EFL League One: How Big Dunc’s Forest Green pulled off upset to dent Owls title bid – tactical analysis
For a large part of this season, Sheffield Wednesday have been the team to beat in EFL League One, with Darren Moore’s side having a heavily impressive defensive record. However, over the weekend, they suffered a shock defeat at the hands of Forest Green Rovers, who currently sit bottom of the league table, which sees them lingering two points off the top spot, currently occupied by Plymouth Argyle (although the Owls do have a game in hand on Argyle).
Wednesday are still in the automatic promotion places, so earning a place in the Championship next season is still very much a realistic option.
This means that the Owls are now without a win in three, a worrying patch of form for Wednesday fans at the business end of the season. The win, while a big scalp for Duncan Ferguson’s side, does very little in regards to their fight for survival – this was just their sixth win of the season and they are still 11 points from safety, with a significantly worse goal difference than the teams around them.
This tactical analysis will look at the tactics deployed by Forest Green as they successfully kept Sheffield Wednesday at bay, while there will also be an analysis of Wednesday’s approach as we try to find out why it failed.
Hosts Forest Green use a 4-4-2 these days, which harks back to Big Dunc’s time as an Everton player. Ross Doohan came into the side to make his 10th league appearance of the season between the sticks. Udoka Godwin-Malife came back into the fold, partnering with Brandon Cooper in the heart of the defence. Ferguson made one change to his midfield lineup from their previous fixture, a 2-0 defeat away at league leaders Plymouth. That change came in the form of Jordon D’Andre Garrick, who replaced Corey O’Keefe on the left flank. There were no changes to the front line: Charlie Savage starting again with his father, Robbie, formerly of Manchester United and Leicester City watching on from the stands.
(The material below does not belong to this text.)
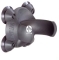EHEIM Securing Bracket (7355528) - Uchwyt do Powerhead, Aquaball (starsza wersja)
Visitors Sheffield Wednesday lined up in a 3-5-2 shape, making one change in defence – Reece James coming in at LCB for Akin Famewo. There was also one change in the midfield trio, with Will Vaulks starting ahead of Tyreeq Bakinson, with Barry Bannan also present. Michael Smith and Lee Gregory both kept their places from the Owls’ previous game, a 4-2 defeat to South Yorkshire counterparts Barnsley.
Wednesday wasteful in possession
Darren Moore’s side have scored 64 times in League One so far this season, with only Ipswich Town and Plymouth scoring more than the Owls – making it even more surprising that Wednesday came away from this fixture goalless. In fact, they only registered six shots in the tie (the same as Forest Green), with just one of those being on target. So it’s not even like they tested the keeper a great deal despite controlling a large portion of possession.
According to our data, Wednesday registered 69% possession in this tie, which in many ways was to be expected, but it was their pressing out of possession that played a big part in this. As we will discuss in a later section of this analysis, Forest Green did show some quality in possession that wasn’t just direct play, but a lot of the time, Wednesday’s high press forced a quick long ball from the hosts, which in turn often resulted in a turnover in possession.
Wednesday’s front two would press FGR’s central defenders, while the midfield unit would be on standby to press their positional counterparts if the ball arrived in their respective area.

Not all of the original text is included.